Overloading based implementation of Set, TreeSet, Map and TreeMap #24

julienrf · 2017-02-06T13:43:11Z

I sketched the integration of Set, TreeSet, Map and TreeMap collections. They were challenging because Map takes two type parameters where previous collections were only taking one type parameter, and also because TreeSet and TreeMap take an additional implicit Ordering parameter.

This is an alternative to #23 that makes Set extend Iterable and SortedSet have two overloads of map (one has an additional implicit Ordering parameter).

julienrf · 2017-02-06T13:44:31Z

src/main/scala/strawman/collection/Sorted.scala

+}
+
+/** Polymorphic transformation methods on sorted collections */
+trait SortedPolyTransforms[A, +C[X] <: Sorted[X]] {


This trait is analogous to IterablePolyTransforms but polymorphic transformation methods takes an additional implicit Ordering parameter.

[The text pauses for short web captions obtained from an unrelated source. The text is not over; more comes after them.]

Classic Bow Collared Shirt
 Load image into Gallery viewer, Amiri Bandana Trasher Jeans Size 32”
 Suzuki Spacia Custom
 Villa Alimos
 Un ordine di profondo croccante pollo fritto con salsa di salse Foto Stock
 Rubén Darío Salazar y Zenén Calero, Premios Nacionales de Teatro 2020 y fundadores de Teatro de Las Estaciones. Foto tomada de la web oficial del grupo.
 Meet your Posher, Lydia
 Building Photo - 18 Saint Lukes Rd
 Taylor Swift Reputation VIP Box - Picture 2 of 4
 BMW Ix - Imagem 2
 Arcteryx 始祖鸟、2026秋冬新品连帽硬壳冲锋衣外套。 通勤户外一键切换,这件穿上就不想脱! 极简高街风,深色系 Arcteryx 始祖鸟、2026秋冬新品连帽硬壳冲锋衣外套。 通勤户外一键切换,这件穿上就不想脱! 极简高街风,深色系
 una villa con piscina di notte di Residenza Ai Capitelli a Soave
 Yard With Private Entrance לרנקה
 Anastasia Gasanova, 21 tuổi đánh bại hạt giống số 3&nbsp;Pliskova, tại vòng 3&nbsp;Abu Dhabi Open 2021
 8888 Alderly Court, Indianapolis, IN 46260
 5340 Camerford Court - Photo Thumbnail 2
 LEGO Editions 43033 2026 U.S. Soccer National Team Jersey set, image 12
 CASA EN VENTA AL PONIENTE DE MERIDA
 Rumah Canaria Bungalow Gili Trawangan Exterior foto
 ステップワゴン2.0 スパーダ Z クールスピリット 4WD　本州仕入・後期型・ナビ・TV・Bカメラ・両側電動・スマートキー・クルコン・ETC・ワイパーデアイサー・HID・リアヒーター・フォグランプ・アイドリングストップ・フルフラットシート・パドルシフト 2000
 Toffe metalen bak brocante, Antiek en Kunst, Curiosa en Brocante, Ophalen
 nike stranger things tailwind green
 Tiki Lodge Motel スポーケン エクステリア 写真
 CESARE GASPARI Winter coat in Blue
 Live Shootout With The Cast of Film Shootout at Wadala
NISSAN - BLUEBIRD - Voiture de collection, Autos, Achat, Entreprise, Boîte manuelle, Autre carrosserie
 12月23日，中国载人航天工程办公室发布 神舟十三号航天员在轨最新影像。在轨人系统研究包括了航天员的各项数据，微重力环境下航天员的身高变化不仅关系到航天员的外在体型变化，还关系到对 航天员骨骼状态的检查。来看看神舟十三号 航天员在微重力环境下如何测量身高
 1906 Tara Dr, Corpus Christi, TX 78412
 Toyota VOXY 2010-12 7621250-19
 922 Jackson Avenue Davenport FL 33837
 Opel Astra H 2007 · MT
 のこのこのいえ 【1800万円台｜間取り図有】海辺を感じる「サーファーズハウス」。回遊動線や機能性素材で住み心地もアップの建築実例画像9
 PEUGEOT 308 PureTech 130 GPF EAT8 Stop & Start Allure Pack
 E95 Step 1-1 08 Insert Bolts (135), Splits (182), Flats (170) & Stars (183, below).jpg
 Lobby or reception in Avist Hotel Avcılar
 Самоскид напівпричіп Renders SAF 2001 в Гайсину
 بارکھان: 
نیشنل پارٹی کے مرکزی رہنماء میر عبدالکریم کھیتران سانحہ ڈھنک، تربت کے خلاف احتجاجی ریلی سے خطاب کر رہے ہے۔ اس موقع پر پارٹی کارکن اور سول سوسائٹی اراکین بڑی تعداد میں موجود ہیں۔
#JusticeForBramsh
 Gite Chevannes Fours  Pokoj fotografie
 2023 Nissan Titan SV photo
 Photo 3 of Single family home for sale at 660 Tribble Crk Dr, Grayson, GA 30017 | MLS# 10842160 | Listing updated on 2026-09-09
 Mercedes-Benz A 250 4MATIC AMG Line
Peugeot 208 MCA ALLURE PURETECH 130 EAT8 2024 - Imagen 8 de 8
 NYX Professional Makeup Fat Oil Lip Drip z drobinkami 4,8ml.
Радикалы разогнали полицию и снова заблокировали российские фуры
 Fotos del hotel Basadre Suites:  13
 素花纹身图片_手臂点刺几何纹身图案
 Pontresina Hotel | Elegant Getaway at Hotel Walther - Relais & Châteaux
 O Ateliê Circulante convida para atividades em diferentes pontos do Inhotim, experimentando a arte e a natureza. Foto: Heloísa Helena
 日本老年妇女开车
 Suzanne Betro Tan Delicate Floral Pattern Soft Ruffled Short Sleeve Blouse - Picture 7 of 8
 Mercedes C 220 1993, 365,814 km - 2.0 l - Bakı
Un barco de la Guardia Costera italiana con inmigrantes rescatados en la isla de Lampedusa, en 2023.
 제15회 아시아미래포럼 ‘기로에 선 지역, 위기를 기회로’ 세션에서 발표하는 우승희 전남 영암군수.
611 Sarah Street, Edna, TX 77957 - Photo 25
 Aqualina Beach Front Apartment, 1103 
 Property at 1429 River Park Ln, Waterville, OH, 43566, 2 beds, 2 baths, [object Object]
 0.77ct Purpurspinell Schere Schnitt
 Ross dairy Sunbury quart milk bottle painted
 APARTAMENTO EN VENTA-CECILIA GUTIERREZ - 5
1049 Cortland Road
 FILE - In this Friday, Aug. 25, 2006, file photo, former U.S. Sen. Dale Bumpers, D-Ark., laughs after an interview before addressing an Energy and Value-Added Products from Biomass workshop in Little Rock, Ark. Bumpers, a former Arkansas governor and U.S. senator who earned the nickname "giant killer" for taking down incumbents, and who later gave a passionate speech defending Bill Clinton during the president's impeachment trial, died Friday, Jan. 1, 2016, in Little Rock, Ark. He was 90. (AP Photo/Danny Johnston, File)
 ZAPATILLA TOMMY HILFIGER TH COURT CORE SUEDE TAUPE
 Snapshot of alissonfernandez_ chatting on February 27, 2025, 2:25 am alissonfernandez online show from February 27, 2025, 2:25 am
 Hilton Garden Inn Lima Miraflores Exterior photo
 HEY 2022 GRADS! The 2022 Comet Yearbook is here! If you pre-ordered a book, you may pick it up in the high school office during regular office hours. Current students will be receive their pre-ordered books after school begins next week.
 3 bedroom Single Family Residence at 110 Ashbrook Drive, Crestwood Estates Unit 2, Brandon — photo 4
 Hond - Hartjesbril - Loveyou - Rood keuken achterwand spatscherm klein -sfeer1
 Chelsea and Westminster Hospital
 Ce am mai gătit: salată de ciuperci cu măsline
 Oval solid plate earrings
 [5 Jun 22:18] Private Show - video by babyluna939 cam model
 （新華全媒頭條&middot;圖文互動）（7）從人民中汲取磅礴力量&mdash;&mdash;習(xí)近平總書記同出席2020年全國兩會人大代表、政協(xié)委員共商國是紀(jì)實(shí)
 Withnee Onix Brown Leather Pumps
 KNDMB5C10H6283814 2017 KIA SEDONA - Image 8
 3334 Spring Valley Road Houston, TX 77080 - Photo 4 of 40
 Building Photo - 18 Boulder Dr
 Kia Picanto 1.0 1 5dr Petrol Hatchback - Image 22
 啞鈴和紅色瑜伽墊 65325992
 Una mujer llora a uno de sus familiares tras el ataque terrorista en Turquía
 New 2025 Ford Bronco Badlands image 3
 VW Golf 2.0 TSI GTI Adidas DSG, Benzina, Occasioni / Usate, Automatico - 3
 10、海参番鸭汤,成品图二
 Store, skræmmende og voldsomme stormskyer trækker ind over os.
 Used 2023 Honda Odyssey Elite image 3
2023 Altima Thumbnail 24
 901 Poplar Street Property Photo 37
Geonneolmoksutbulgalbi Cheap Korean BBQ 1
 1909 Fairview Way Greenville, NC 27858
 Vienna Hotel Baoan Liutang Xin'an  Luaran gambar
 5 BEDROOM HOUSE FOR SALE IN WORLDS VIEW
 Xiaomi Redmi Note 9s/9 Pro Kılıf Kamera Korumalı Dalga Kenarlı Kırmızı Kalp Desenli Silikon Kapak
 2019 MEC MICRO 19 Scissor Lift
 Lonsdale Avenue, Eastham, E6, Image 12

It would be possible to abstract over different evidence types (e.g. Ordering[_] vs _ <:< Int) but at least the Int case could be done with a simpler API. Do we have any other similar cases?

Maybe ClassTag[_], depending on how we deal with arrays. I don’t understand what you mean with “the Int case”.

I mean that you wouldn't want to overload BitSet.map as def map[B](f: Int => B)(implicit ev: B <:< Int) but as def map(f: Int => Int)

But ClassTag could indeed be interesting. It would allow us to reuse a generic PolyTransformsWithEvidence for specialized collections.

I created #28 to keep track of this issue.

julienrf · 2017-02-06T13:44:54Z

src/main/scala/strawman/collection/Sorted.scala

+/**
+  * Factories for collections whose elements require an ordering
+  */
+trait OrderingGuidedFactories[C[_]] {


Analogous to IterableFactories, but with an implicit Ordering.

julienrf · 2017-02-06T13:48:06Z

src/main/scala/strawman/collection/immutable/SortedSet.scala

+  // so that they take precedence over the one inherited from IterablePolyTransforms
+  def map[B](f: A => B)(implicit ordering: scala.Ordering[B]): C[B]
+
+}


One problem is that Sorted and Set are independent so there is no disambiguation mechanism between their overloaded methods. That’s why I had to re-define the methods of Sorted (to make them take precedence over those of Set).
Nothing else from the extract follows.